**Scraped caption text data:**
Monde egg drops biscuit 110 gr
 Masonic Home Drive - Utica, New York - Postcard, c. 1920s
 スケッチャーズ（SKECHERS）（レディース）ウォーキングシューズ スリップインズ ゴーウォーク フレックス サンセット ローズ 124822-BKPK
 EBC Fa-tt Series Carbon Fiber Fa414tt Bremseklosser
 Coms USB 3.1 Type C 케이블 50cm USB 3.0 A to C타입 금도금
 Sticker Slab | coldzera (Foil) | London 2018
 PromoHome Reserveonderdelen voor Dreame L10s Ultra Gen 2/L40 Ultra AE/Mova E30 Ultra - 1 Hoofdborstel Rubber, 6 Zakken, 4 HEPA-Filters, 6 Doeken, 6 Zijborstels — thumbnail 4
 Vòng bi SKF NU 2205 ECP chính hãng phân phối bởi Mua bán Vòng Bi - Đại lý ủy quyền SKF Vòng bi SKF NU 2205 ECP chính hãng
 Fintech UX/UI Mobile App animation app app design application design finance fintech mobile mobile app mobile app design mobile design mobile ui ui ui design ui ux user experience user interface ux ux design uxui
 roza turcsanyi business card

**What to do:**
Each line of the data is to be retyped exactly.

**Result:**
Monde egg drops biscuit 110 gr
 Masonic Home Drive - Utica, New York - Postcard, c. 1920s
 スケッチャーズ（SKECHERS）（レディース）ウォーキングシューズ スリップインズ ゴーウォーク フレックス サンセット ローズ 124822-BKPK
 EBC Fa-tt Series Carbon Fiber Fa414tt Bremseklosser
 Coms USB 3.1 Type C 케이블 50cm USB 3.0 A to C타입 금도금
 Sticker Slab | coldzera (Foil) | London 2018
 PromoHome Reserveonderdelen voor Dreame L10s Ultra Gen 2/L40 Ultra AE/Mova E30 Ultra - 1 Hoofdborstel Rubber, 6 Zakken, 4 HEPA-Filters, 6 Doeken, 6 Zijborstels — thumbnail 4
 Vòng bi SKF NU 2205 ECP chính hãng phân phối bởi Mua bán Vòng Bi - Đại lý ủy quyền SKF Vòng bi SKF NU 2205 ECP chính hãng
 Fintech UX/UI Mobile App animation app app design application design finance fintech mobile mobile app mobile app design mobile design mobile ui ui ui design ui ux user experience user interface ux ux design uxui
 roza turcsanyi business card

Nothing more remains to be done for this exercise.